High Fiber Bread | How to Get 3x More Fiber Than Your Healthy Bread

If you ask us, bread is one of the best foods in the world. Why? Because it can be used to make some pretty incredible things like ooey-gooey grilled cheese sandwiches, super crunchy homemade croutons, scrumdiddlyumptious avocado toast, and of course, grandma's famous bread pudding. Mmmm! While the options for bread are truly endless, making it a staple in many kitchens around the globe, we can't help but wish it had more fiber. 

Yes, there are purported "healthy" and whole grain breads out there with labels that proclaim they have a high fiber content, but the truth is that these loaves often contain no more than three grams per serving (which is usually two slices of whole wheat bread). Seeing as women should aim to eat at least 21 to 25 grams of fiber a day and men should shoot for 30 to 38 grams, you would have to eat quite a few slices of "healthy bread" to reach your goal. 
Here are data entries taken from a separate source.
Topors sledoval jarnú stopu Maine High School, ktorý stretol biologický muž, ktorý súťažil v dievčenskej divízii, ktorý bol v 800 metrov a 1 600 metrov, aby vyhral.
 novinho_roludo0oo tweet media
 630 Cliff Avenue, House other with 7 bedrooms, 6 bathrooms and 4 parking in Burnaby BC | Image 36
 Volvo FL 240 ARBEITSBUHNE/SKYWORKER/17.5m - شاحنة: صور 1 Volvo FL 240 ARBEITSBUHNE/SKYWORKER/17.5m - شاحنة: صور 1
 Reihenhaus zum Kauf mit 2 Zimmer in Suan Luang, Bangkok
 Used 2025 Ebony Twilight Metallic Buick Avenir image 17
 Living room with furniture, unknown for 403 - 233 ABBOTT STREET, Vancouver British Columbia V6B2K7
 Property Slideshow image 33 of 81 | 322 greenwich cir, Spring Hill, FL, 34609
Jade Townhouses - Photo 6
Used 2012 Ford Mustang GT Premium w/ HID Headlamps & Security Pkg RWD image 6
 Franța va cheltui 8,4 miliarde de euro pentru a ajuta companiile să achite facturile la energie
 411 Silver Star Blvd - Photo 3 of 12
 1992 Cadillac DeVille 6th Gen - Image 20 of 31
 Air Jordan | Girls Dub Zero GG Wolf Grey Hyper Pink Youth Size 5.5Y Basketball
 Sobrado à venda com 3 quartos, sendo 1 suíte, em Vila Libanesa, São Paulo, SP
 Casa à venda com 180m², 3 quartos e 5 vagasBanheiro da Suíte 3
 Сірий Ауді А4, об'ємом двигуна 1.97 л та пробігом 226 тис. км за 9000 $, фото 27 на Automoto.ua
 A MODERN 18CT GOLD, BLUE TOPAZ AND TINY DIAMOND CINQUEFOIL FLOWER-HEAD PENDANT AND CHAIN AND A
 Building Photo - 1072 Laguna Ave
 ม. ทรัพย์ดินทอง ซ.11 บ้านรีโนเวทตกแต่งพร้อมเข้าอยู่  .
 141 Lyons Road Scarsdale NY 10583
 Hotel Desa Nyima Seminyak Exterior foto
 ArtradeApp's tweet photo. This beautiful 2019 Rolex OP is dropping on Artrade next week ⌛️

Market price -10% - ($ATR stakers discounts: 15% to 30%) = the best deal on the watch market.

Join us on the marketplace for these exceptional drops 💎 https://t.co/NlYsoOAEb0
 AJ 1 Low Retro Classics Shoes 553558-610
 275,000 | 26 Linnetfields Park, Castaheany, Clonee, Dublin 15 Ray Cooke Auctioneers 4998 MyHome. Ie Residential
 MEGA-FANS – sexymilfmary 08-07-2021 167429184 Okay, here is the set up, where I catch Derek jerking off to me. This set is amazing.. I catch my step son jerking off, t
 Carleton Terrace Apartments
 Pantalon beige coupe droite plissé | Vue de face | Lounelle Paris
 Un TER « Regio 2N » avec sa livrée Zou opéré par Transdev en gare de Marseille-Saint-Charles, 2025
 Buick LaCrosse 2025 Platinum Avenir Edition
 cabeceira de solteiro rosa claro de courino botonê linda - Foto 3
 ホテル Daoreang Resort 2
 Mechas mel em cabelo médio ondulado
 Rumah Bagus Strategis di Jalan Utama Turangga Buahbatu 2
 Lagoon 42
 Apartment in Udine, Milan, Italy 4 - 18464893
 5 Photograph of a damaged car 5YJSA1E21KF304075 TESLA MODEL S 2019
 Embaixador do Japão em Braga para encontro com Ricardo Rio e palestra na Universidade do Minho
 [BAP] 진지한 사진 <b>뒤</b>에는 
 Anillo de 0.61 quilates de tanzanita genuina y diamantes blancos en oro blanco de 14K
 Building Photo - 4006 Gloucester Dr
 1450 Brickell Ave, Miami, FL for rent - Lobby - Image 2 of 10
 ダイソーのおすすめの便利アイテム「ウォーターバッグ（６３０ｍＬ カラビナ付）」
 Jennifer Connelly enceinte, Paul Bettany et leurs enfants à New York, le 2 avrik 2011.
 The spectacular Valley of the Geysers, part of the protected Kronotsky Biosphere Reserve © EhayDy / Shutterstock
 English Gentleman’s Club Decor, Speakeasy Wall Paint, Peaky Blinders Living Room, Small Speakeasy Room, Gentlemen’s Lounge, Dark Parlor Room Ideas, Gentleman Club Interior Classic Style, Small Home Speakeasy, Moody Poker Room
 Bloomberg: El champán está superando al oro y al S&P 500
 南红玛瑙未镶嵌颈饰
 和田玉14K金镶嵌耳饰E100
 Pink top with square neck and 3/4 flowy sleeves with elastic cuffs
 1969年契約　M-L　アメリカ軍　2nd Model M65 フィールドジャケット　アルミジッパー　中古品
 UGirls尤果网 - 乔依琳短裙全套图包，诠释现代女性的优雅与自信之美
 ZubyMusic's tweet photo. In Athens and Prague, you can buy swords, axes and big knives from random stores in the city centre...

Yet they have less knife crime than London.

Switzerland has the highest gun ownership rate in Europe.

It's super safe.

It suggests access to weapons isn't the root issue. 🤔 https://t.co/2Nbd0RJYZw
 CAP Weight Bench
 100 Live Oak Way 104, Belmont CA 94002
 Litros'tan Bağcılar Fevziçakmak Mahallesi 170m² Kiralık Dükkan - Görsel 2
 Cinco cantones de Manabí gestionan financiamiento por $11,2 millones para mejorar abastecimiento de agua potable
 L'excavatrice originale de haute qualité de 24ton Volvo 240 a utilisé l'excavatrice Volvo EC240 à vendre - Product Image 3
However, if you're trying to lose a little weight, noshing on bread all day to amp up your fiber intake isn't exactly a good idea since each slice contains around 120 calories. And no one wants to sit around eating wheat bran to get enough fiber. Sure, after snacking on 15 slices of bread, you may have hit your fiber target, but you also probably went over your calorie target, which isn't ideal for combatting obesity, to say the least. 

And don't even get us started on the ingredient lists! In many cases, "healthy bread" is often jam-packed with artificial ingredients, fillers, sodium, and sweeteners to hide the fact that the bread tastes like, well… cardboard. And white breads with added vitamins and minerals can only go so far. If only there was high fiber bread out there that was low in calories, high in fiber, and made with clean ingredients without having the texture of a brick. 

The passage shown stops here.